Winter Selections from Mary Azarian's "A Farmer's Alphabet"

The atmosphere of a rural winter in her home state of Vermont, comes through clear in these woodcuts by Mary Azarian. Each scene featured here is a tribute to a way of life connected to the land and seasons.

In addition to the more common winter activities of sledding, shoveling, and building snowmen, there are mittens drying over an ornate, wood-burning stove, where an old-fashioned tea kettle boils. In another scene an adult pulls on a set of one-piece long johns with a buttoned back flap. These subjects, so varied in their patterns and textures, so colorless and harsh in their lighting, are particularly well-suited to the mark-making abilities of a master carver. 

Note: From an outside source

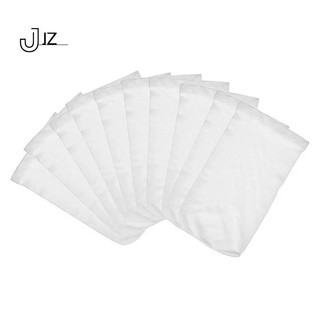 10-Pack Pool Skimmer Socks, Filter Bags, the perfect Sock/Net/Saver to Protect Your Inground or Above Ground Pool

The series was commissioned by Vermont's State Board of Education for display in classrooms. Maurice Sendak, one of the most acclaimed picture book illustrators in history, was often quoted as saying that he didn't make his work for children. For example, in one of his last interviews, he said,
I don't write for children. I write. And someone says, "That's for children."
Azarian was a teacher before she took to illustrating books with her stunning woodcuts, so she certainly must have had a sense of what interests children. That said, when I look at these images, I never feel that they are particularly made for children.

Certainly I can enjoy this book with my children. They are excited to point out scenes that relate to their experiences, and inquire about anything unfamiliar. But the level of sophistication found in these images make them captivating for any age.

Godine Press published it as a beautifully bound, large gift book in 1981, and it continues to sell. It is definitely worth either buying or finding a copy in a library. It isn't enough to see it on a screen. One must leaf through the heavy, archival paper and really take in the exquisite details found in each lovingly carved image.

To borrow another quote from Sendak:

A book is really like a lover. It arranges itself in your life in a way that is beautiful.